When the Earl left Lancaster he took with him many prisoners of war, amongst whom was the Mayor of that town. The Earl managed to march to Preston by a different route to the one taken by Colonel Ashton, who commanded the party sent to the relief of Lancaster, and thus on March 22 he reached Fullwood Moor, where he waited until after dark; in the meantime, however, the scouts from Preston had discovered his advance, and had alarmed the garrison. The Friarsgate Bar was strongly guarded, but the nearer the enemy came to it, it is said, the “weaker it waxed, for the townes men were generally disaffected to Parliament.”[140] This is probably true, as after, according to one authority, two hours’ fight[141] the town was regained. The next day many people from the country around Preston came into the town shouting, “God bless the King and the Earl of Derby!”
The Earl seemed now to be bent on recovering all that had heretofore been lost, and within a week of the taking of Preston (on the 27th) Bolton was again attacked, the Royalist force about two o’clock in the afternoon being drawn up on the moor outside the town, and a message sent to demand a surrender: this was refused, and towards dark the “minister of the town prayed with a company of souldiers, most of them townsmen. The end of prayer was the beginning of the fight.”[142] The enemy made several assaults during the night, and at one time got close to the mud wall, but some forces from Bury coming to assist the besieged, the enemy were finally repulsed. There was probably very little loss on either side.
Colonel Ashton only arrived at Lancaster to find the town partially in ruins; he then marched on to the neighbourhood of Whalley. On the road he was followed by the Earl of Derby and his forces, and a slight engagement took place, after which the Royalists took shelter in the abbey, but were afterwards forced to retreat through Langho Green to Ribchester. Colonel Ashton and his men then proceeded to Padiham, where, “having a good minister, some hours were spent in thanksgiving” for their great deliverance.
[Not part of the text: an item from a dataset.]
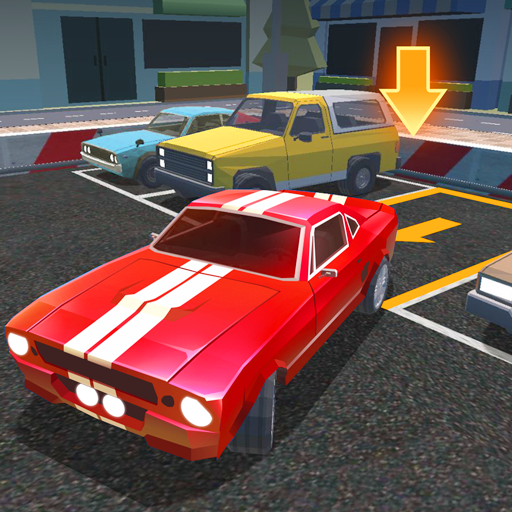 Exciting and challenging car parking game experience on Android, testing precision and driving skills.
On April 1, Wigan, one of the headquarters of the Royalists, was stormed and taken after a very short struggle by Colonel Ashton’s forces; but, according to Rosworm, owing to some treachery the place was vacated the same night, the soldiers having first taken some prisoners and much spoil, and having placed “great heaps of woollen cloth of the drapers in the streets.” Wigan was again taken on April 28 by Colonel Ashton, who, having burnt the gates of the town, took an oath from the townsmen never again to bear arms against the King.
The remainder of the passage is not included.